_Data section_:

>>>

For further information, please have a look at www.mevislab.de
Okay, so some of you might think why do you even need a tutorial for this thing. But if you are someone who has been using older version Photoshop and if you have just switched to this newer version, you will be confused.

<<<
>>>

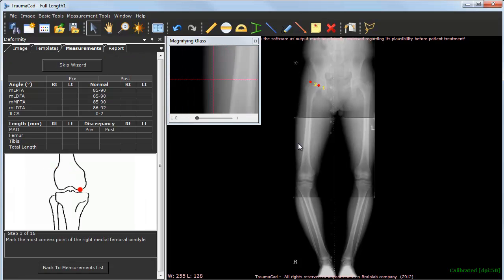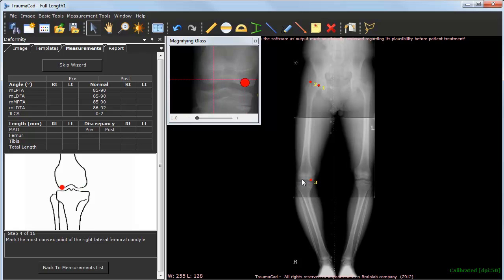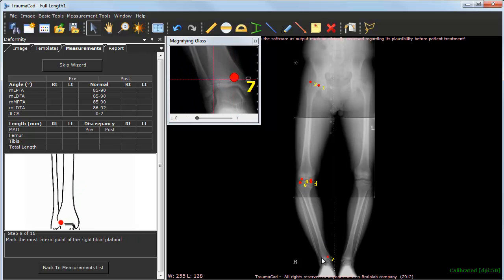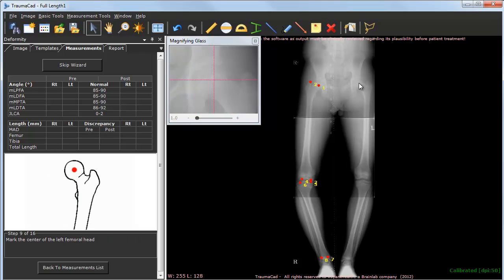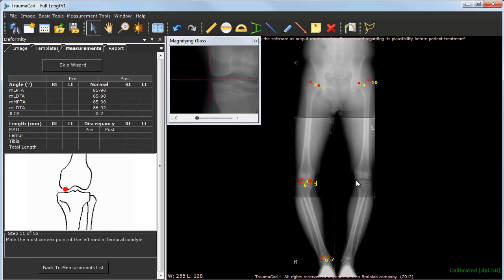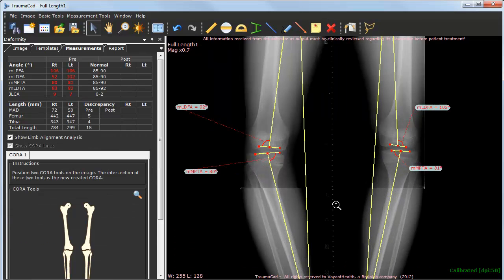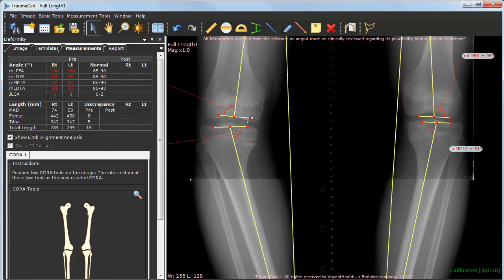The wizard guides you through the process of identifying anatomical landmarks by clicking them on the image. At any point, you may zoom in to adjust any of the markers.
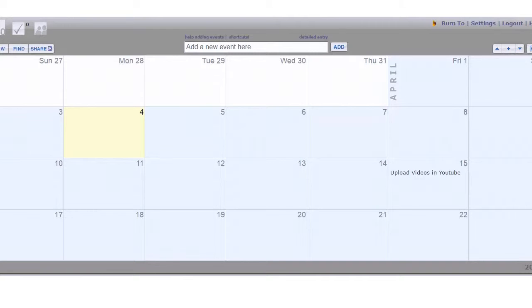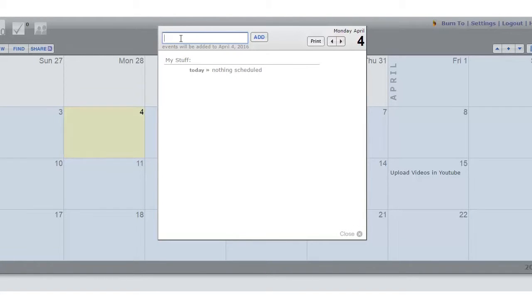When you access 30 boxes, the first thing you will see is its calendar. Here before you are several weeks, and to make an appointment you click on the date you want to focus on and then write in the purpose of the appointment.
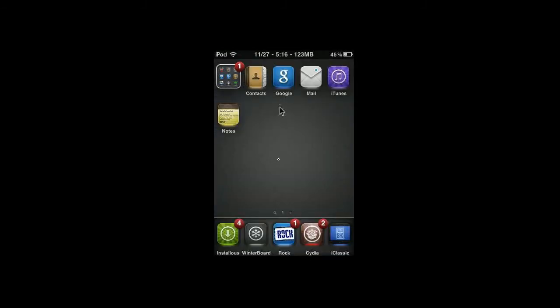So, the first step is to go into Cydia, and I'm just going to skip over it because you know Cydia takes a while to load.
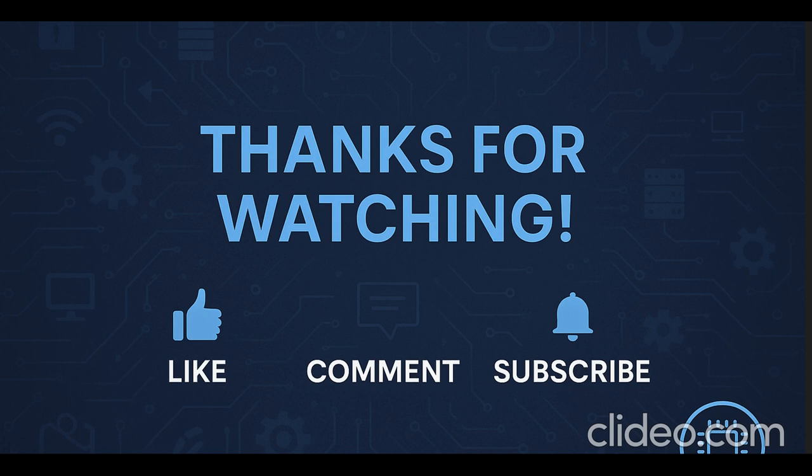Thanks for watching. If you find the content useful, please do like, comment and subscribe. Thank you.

<<<
>>>

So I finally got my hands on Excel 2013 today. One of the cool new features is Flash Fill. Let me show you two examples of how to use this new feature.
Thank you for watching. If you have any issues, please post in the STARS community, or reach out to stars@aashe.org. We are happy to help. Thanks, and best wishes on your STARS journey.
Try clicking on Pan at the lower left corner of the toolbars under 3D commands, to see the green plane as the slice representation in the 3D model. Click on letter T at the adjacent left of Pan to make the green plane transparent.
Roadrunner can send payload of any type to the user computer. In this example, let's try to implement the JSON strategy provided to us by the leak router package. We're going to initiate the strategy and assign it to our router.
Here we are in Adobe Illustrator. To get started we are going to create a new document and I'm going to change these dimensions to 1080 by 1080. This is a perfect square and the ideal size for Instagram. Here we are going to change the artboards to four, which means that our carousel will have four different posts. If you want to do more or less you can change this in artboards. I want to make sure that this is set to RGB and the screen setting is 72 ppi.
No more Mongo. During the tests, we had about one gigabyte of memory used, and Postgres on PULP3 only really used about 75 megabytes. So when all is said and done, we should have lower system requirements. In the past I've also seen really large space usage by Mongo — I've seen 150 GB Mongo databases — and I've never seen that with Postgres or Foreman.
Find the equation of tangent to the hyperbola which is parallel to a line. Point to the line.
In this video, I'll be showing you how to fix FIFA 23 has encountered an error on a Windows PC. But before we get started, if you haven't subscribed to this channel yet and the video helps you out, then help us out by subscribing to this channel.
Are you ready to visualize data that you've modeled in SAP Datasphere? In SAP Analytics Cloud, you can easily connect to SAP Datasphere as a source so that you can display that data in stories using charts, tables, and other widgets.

<<<

_Assigned task_:
Above are the entries. Output exactly the lines beginning with the line that has "In this video, I'll" and ending with the line that has "Are you ready".

_Expected output_:
In this video, I'll be showing you how to fix FIFA 23 has encountered an error on a Windows PC. But before we get started, if you haven't subscribed to this channel yet and the video helps you out, then help us out by subscribing to this channel.
Are you ready to visualize data that you've modeled in SAP Datasphere? In SAP Analytics Cloud, you can easily connect to SAP Datasphere as a source so that you can display that data in stories using charts, tables, and other widgets.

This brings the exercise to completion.